Nessuna violazione della Convenzione europea dei diritti dell’uomo nei casi in cui le autorità nazionali di uno Stato parte impediscano l’accesso di un bambino nato da una maternità surrogata in un altro Stato. E’ quanto ha stabilito la Corte di Strasburgo nella decisione dell’8 luglio diffusa dalla Corte il 9 settembre, relativa al ricorso n. 29176/13 nel caso D. e altri contro Belgio con la quale i giudici internazionali hanno respinto il ricorso di due genitori i quali contestavano al Belgio la violazione dell’articolo 3, relativo al divieto di trattamenti disumani e degradanti, e dell’articolo 8 sul diritto al rispetto della vita privata e familiare per aver impedito, in un primo momento, l’ingresso in Belgio del neonato (D. ET AUTRES c. BELGIQUE). Questo il caso. Una coppia belga aveva stipulato un accordo di maternità surrogata con una donna, in Ucraina. Alla nascita del neonato, la coppia aveva ottenuto il certificato di nascita a Kiev dal quale i due coniugi risultavano come genitori. Avevano chiesto all’ambasciata belga in Ucraina il passaporto per il neonato per rientrare in patria, ma la richiesta era stata respinta.
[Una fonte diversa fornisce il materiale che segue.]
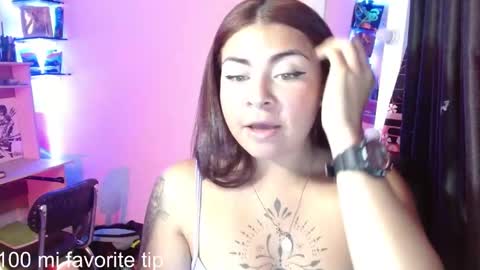 Snapshot of elizabeth_martinez98 chatting on 01.13.25 Elizabeth Martinez online show from 01.13.25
Anche il Tribunale di Bruxelles aveva rigettato l’istanza e aveva negato il riconoscimento del provvedimento ucraino. Questo perché non risultava provato il rapporto di filiazione con i due ricorrenti e, in base alla legge di diritto internazionale privato belga (art. 27), la filiazione non poteva essere stabilita sulla base dell’atto di nascita ucraino. La coppia era così rientrata in Belgio senza il neonato. Di qui il ricorso alla CEDU che, però, ha dato ragione al Belgio che, in base alle regole convenzionali, gode di un ampio margine di discrezionalità. Per la Corte, le autorità nazionali hanno giustamente richiesto prove adeguate volte ad accertare il legame con la coppia dei ricorrenti anche per combattere la tratta degli esseri umani. Un fine legittimo che ha comportato ulteriori accertamenti. Tuttavia, una volta ottenute le prove, il Belgio ha dato il via libera all’emissione del documento d’identità e all’ingresso in Belgio del bambino. Esclusa, quindi, la violazione della Convenzione.